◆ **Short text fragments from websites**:

━━━━━━━━━━━━━━━━━━━━━━━━━━━━━━

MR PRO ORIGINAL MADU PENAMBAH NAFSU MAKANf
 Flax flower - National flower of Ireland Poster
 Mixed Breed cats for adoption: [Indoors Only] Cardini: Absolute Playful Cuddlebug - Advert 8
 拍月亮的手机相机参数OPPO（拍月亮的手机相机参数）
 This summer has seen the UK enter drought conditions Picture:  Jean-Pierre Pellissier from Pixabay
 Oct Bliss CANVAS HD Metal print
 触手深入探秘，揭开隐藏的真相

━━━━━━━━━━━━━━━━━━━━━━━━━━━━━━

◆ **PROBLEM TO WORK ON**:
Repeat each record above precisely as written.

◆ **SOLUTION BELOW**:
MR PRO ORIGINAL MADU PENAMBAH NAFSU MAKANf
 Flax flower - National flower of Ireland Poster
 Mixed Breed cats for adoption: [Indoors Only] Cardini: Absolute Playful Cuddlebug - Advert 8
 拍月亮的手机相机参数OPPO（拍月亮的手机相机参数）
 This summer has seen the UK enter drought conditions Picture:  Jean-Pierre Pellissier from Pixabay
 Oct Bliss CANVAS HD Metal print
 触手深入探秘，揭开隐藏的真相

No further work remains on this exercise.